What Findem already does, with file references
A consolidated audit of the relevant systems in the Findem codebase (firstcut + app-next), with direct links to source. Used to inform 007 and 008 architecture decisions.
Drafted 2026-04-28 · Status: review · Audience: Getro engineering team
0. About this document
github.com/findemdev/firstcut (private); app-next at bitbucket.org/rimsaw/app-next (private). All file links below assume reviewer access. External readers will get 404s — file paths are still valid for anyone who pulls the repos locally.

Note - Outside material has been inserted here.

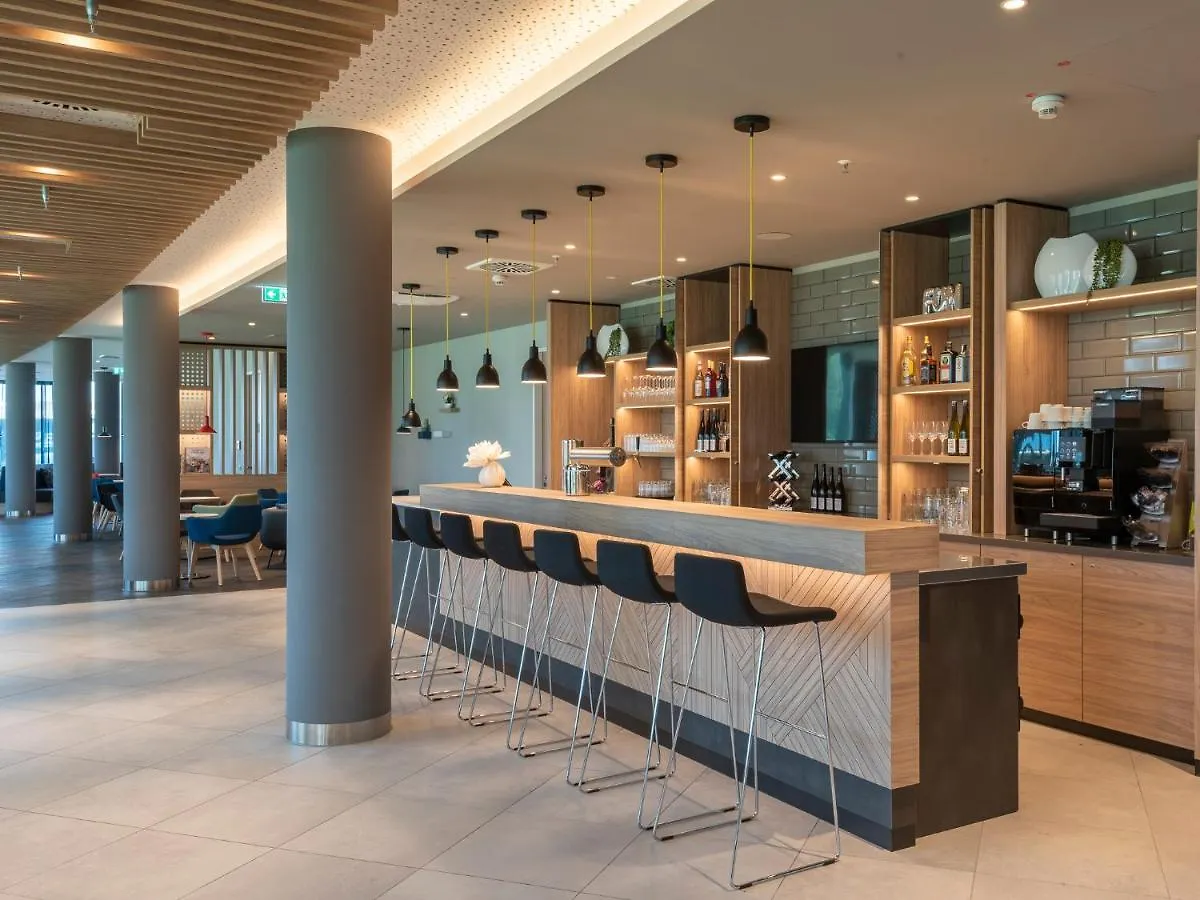 Holiday Inn Express Duesseldorf - Hauptbahnhof By Ihg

This document captures the reverse-engineering done on Findem's existing implementation while planning Getro's Network Intelligence System. It is not a Findem doc; it is a Getro engineering reference. Each finding is tagged with implications for our architecture.
Conventions
- All file links point to
main(firstcut) ormain(app-next). Lines are accurate as of 2026-04-28; verify with current main if drift is suspected. - Each finding has an ID like
F-K-1(Kernel finding 1) orF-S-2(Search finding 2) for cross-reference. - Reusable means we can copy the algorithm or pattern into Getro. Diverge means the implementation doesn't fit our scale or shape. Open means an unresolved question for Findem.
Cross-references
- spec-technical.html — unified architecture for 007 + 008 (the consumer of these findings)
- spec-graph-vs-postgres.html — storage substrate ADR (driven partly by these findings)

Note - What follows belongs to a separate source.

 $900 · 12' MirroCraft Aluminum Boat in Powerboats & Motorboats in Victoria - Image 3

- spec-integrations.html — the email/calendar provider integration plan (different scope)
1. The overlap kernel
The piece worth copying. Findem's match_engine already implements the "did A and B share an employer or school with positive time overlap" check, with scoring. Both 007 (intro paths) and 008 (relationship-strength W3/K6) need exactly this.
Takes two profile populations (profiles × target_profiles) and returns overlap scores per pair. Self-exclusion via LinkedIn ID; duplicate-profile guard via candidate_tags.
- Source
- fc backend/query_svc/engine/match_engine.ts:626
- Implication
- Port the loop shape into
WorkOverlapCalculator+CoemploymentEdgeMaintainer. The two-loop structure (build maps, then probe) is portable to Postgres SQL: indexcontact_work_experienceson(organization_id)for the inner probe.
Scoring: 1 (company match) + (1 + overlap_fraction) (timeline) + dept/title fraction. Match requires comp_lnkd_id OR comp_id OR comp_name equality (three-way fallback).
- Source
- fc backend/query_svc/engine/match_engine.ts:759 (computeExpOverlapInfo)
- Implication
- Adopt this formula for 007's strength tuple (FR-006a). Same shape carries to
SharedListNetworkSummary.strength_score.
Mirror of the work formula: 1 (school match) + (1 + overlap_fraction) (timeline) + degree fraction + major fraction. School matched by inst_name equality (no canonical school ID — known fragility).
- Source
- fc backend/query_svc/engine/match_engine.ts:820 (computeEduOverlapInfo)
- Implication
- Adopt for 007 v2 + 008 EducationOverlapCache. Plan: link
contact_educationsto a canonicalschoolstable to avoid Findem's name-equality fragility.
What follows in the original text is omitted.